One of the very few books that I started reading again shortly after finishing it. It’s possible there is some kind of wormhole going on between the pages as it doesn’t seem possible there can be so much in there. Again, the characters are fantastic, superbly drawn and very distinct. The provision of back story is I think among the best I’ve read – no hint of a judder anywhere – and the unfolding story keeps you guessing all the way. This is another book that’s going to be with me for a good while after the last page is read.

Van has finished reading…The Weightless World by Anthony Trevelyan

18 Jun

Suddenly it’s a worrying thought: Steven Strauss and I, sitting together in companionable silence, looking out at the world and saying, ‘people! Pffh!’

It’d be all the connection we need. I suspect we’d get on.

I am profoundly grateful to the Curtis Brown Book Group for bringing me Anthony Trevelyan’s The Weightless World as my last book of this stint. We started with a very high bar and with this book we’ve most definitely finished in a similar stratosphere. What you need to know about the story I think can be summed-up with two words: Antigravity machine. This is enough to get the book into your hands, but it’s a very, very long way from all this book has to offer.
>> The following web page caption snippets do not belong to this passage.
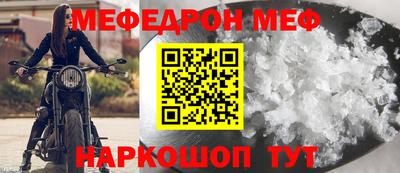 скорость Рыбинск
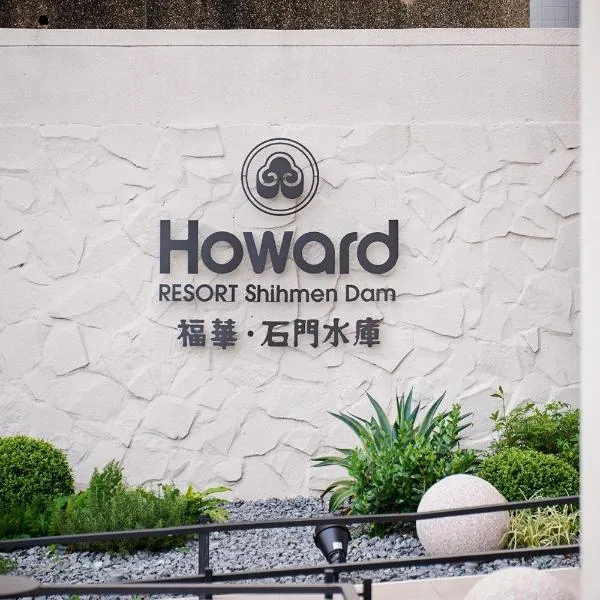 룽탄에 위치한 호텔 Howard Lake Resort Shihmen Dam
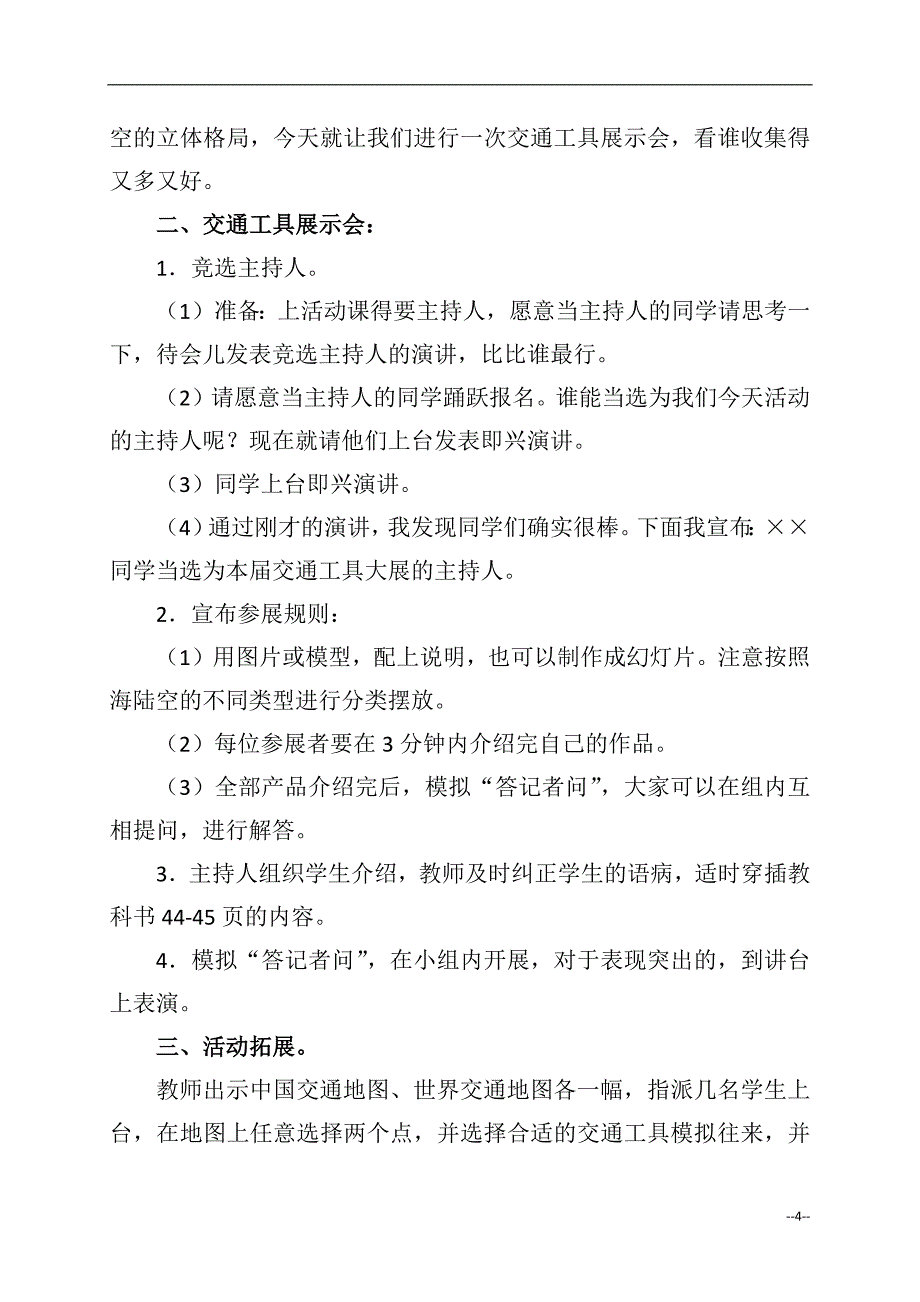 《日行千里不是梦》教学设计_第4页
Raymond Ess and Steven Strauss are on their way to meet Tarik – if he really exists – somewhere in very rural India to buy his invention, an antigravity machine – if it exists. But why shouldn’t it? The magic of Skype can bring Steven’s girlfriend half way round the world to talk to him. Harry’s SmartSpecs can bring the full force of the Web to his eye as he sips his hotel bar cocktail. Why not a machine that can render any object weightless?

The writing is, I think, really rather wonderful. Steven’s voice is exquisite and the trajectory, the positioning of events is really superb. The skill with which the author takes us back in time, reveals a little of the past is evident in just how natural those moments feel. Their very looseness in the narrative belies the control inherent in their perfect placement. It’s a lean beast too. I was reminded of Checkov’s gun, though not only by a gun. Nothing is wasted.
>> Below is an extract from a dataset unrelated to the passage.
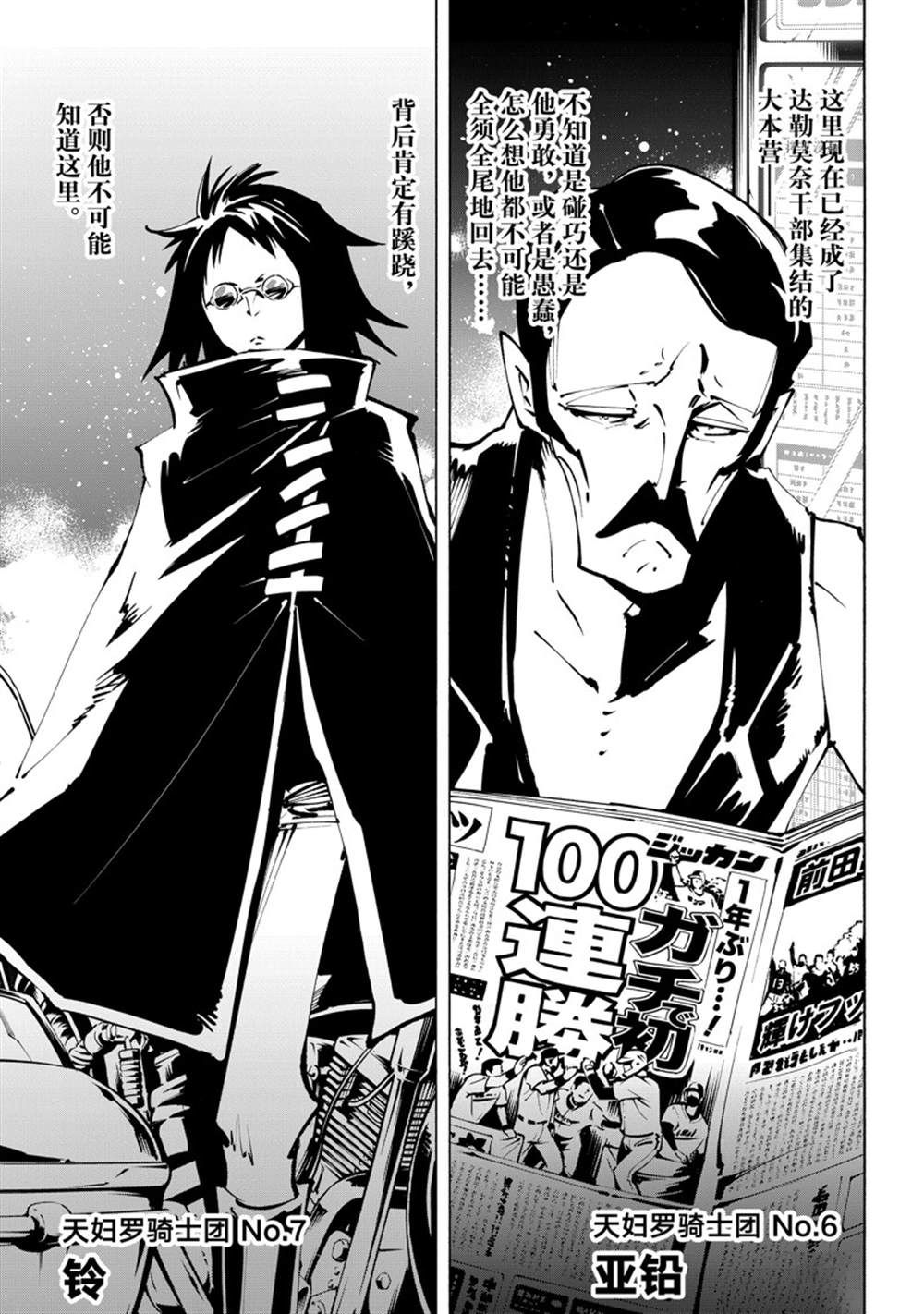 《通灵王Super Star》第39话 第8页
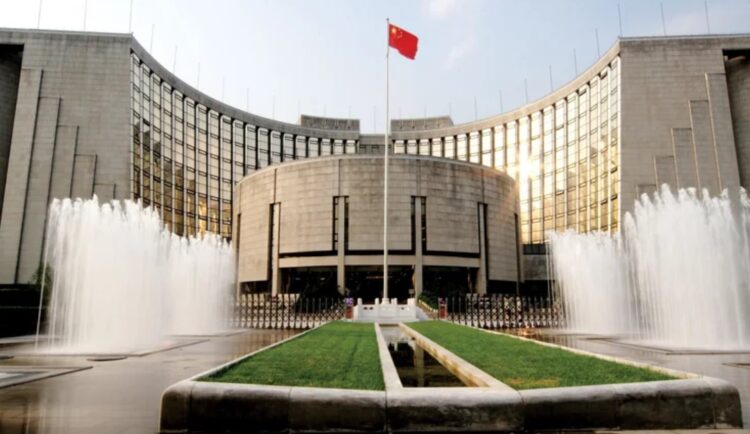 Fotografía de la fachadas del Banco Central de China.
With such a cast of characters it’s perhaps unsurprising that it proved to be an unsettling read. Everything requires scrutiny, Steven’s narration perhaps most of all. It’s a skewed lens he looks through, though I’d struggle to state he’s unreliable. It seems more that he struggles with his worth, struggles to connect with people. Perhaps more that he can’t be entirely honest with himself rather than with us. There are trust issues for Steven and reader alike. Ess, Harry, Asha, Tarik? Take your pick.

It is evidence that you don’t have to like the protagonist to really like the book. Or maybe I’m being disingenuous; after all, I suspect we’d get on…

It won’t be surprised to see this book at the very least on shortlists, if not on podiums for prizes. I’m still questioning what it is saying to me, and I’m sure I will go back and read it again, delight in the story, the characters, the writing, again. It is, I think, that good. It carries a certain sense of – how should I say it – gravity.